See Figure 4.1. and Figure 4.2. for the demo.

Figure 4.1. The binary overview

Figure 4.2. Jump to the source code

Related Commits

Jadx commit b5720b: fix(gui): improve Quark tasks scheduling and report viewer

Go back to summary


5. Integrate Quark to MobSF

5.1. Add Quark Analysis Report

An implementation of quark integration to MobSF is done and is merged. See Figure 5.1. for the demo.

Figure 5.1. Quark analysis report in MobSF

5.2. Dive into the Source Code

We also implemented a killer feature in MobSF. Users can jump to where the suspicious behavior happens when clicking on the activity shows in Figure 5.1. See Figure 5.2. for the demo.

Figure 5.2. The demo for source code overview

Related PR:

MobSF PR#1761: Add Quark Engine as one of the static analyzers

Go back to summary


6. Implement behavior map of Quark to APKLab

6.1. Add behavior map to APKlab

Before we implemented this feature, we fix a permission issue for APKLab. See PR#135 for more information. The behavior map is implemented. See Figure 6.1. and Figure 6.2. With the behavior map, users can quickly understand the relationship between the suspicious behaviors quark detected. However, this PR is awaiting to be solved since we encountered some CI issues.

Figure 6.1. Behavior map in APKLab

Figure 6.2. Behavior map

Related PR:

APKLab PR#135: Quark integration improvement

Go back to summary


7. Improve UI/UX of Quark integration in APKLab

7.1. [UX] Time Consuming when analyzing large size APKs

In the previous integration of quark to APKLab, we've found out that it may take a long time when analyzing large size apks. There are several reasons we think might cause this problem. The problem could be the slow performance of Quark.
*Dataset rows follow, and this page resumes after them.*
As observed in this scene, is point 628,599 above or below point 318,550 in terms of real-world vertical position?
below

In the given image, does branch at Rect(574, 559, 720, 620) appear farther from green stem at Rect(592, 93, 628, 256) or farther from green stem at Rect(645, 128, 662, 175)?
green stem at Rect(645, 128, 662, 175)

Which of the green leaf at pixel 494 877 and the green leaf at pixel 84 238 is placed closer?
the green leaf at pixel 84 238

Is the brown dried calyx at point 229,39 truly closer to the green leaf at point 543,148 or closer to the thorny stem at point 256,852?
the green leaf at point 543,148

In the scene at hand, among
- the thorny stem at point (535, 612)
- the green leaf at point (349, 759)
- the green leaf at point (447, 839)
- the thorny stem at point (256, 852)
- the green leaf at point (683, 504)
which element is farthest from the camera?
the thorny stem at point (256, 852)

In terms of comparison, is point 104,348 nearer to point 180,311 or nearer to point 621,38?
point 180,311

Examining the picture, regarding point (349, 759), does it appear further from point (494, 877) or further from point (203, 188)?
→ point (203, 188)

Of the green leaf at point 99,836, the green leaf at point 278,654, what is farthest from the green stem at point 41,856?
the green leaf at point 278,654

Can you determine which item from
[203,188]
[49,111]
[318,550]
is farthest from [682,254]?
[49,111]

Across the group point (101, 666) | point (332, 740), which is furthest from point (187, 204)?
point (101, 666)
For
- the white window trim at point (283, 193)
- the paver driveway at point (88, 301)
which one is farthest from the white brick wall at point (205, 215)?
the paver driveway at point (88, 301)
Or the problem could be the slow performance when executing tools that works with Quark simultaneously.

As for the performance of Quark, our team has conducted a performance assessment and improvement proposal in another GSoC project. Therefore, in this project, we choose to make tools work with Quark to be executed asynchronously. So that users can use other features first and no time is wasted. See issue#140 for my discussion with APKLab.

7.2. [UX]More options for the suspicious behavior traversal

This issue discusses that the Quark report only shows activities with 100% confidence, but we found out that most 80% confidence activities are also valuable.
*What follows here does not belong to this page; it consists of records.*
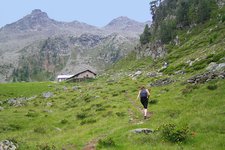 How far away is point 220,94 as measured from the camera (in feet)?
98.7

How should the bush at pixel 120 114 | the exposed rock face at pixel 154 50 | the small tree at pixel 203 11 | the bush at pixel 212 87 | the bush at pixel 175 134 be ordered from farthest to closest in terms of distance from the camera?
the exposed rock face at pixel 154 50 → the small tree at pixel 203 11 → the bush at pixel 212 87 → the bush at pixel 120 114 → the bush at pixel 175 134

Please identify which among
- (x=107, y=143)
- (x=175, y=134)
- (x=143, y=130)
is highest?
(x=175, y=134)

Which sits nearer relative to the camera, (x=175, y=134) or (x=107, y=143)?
(x=175, y=134)

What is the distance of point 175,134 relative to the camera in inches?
765

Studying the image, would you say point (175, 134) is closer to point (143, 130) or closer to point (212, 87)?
point (143, 130)

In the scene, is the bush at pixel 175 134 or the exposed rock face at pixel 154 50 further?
the exposed rock face at pixel 154 50

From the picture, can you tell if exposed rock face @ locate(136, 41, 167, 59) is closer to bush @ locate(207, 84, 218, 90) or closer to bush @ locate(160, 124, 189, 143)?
bush @ locate(207, 84, 218, 90)

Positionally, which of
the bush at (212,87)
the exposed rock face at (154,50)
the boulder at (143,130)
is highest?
the exposed rock face at (154,50)

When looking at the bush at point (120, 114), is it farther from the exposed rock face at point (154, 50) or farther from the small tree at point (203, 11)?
the exposed rock face at point (154, 50)

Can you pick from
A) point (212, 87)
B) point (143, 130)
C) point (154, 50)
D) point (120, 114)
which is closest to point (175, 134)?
point (143, 130)

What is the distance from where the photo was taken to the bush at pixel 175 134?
63.0ft

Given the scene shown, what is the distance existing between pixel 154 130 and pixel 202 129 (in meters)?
3.08

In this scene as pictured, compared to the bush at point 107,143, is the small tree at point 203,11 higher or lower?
higher

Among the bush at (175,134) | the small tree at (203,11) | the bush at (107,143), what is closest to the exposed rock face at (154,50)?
the small tree at (203,11) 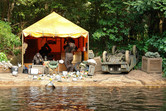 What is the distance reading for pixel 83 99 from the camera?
35.2 feet

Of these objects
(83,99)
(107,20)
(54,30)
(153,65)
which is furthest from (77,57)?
(83,99)

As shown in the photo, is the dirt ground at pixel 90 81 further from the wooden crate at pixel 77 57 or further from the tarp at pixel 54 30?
the wooden crate at pixel 77 57

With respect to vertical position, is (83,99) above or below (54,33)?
below

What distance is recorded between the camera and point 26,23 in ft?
83.4

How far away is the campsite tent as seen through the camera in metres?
17.6

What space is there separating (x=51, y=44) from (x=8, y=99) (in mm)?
11574

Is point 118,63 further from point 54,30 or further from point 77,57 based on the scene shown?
point 54,30

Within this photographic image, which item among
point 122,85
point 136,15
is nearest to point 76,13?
point 136,15

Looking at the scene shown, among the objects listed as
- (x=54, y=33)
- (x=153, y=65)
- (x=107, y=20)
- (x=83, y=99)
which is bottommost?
(x=83, y=99)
Therefore, we add a checkbox to filter the percentage of confidence and provide a better UX for the suspicious traversal. See issue#141 for my discussion with APKLab.
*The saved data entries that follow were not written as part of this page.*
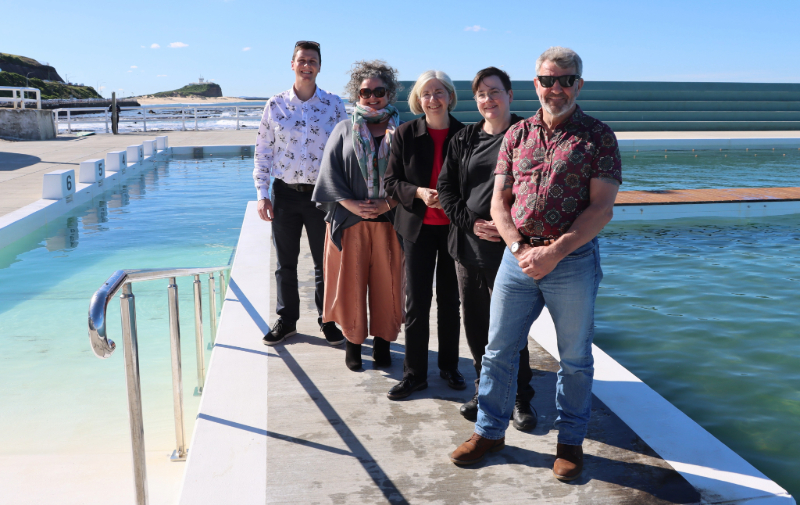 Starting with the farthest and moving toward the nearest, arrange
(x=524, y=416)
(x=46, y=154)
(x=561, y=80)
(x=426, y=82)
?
(x=46, y=154) < (x=426, y=82) < (x=524, y=416) < (x=561, y=80)

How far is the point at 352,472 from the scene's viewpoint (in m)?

7.3. [UI] Indention of the sub-item in Quark report

Lack of indention of the sub-item in the Quark report may cause misunderstanding for users. Therefore, we opened an issue to discuss with APKLab. See issue#142 for more information.

Related Issues:

APKLab Issue#140 Quark analysis may take a long time
APKLab Issue#141 Quark report only shows 100% confidence activities
APKLab Issue#142 There are no indent spaces at the sub-item in the Quark report

Go back to summary

Acknowledgments

Thank Google, for providing such a great project.
Thank Honeynet Project gives me the opportunity.
Thank my mentor, KunYu Chen, for all his sincere support and guidance.
Thank Jadx, MobSF, APKLab for helping me reach my goal.
Thank TTC for providing me the working environment.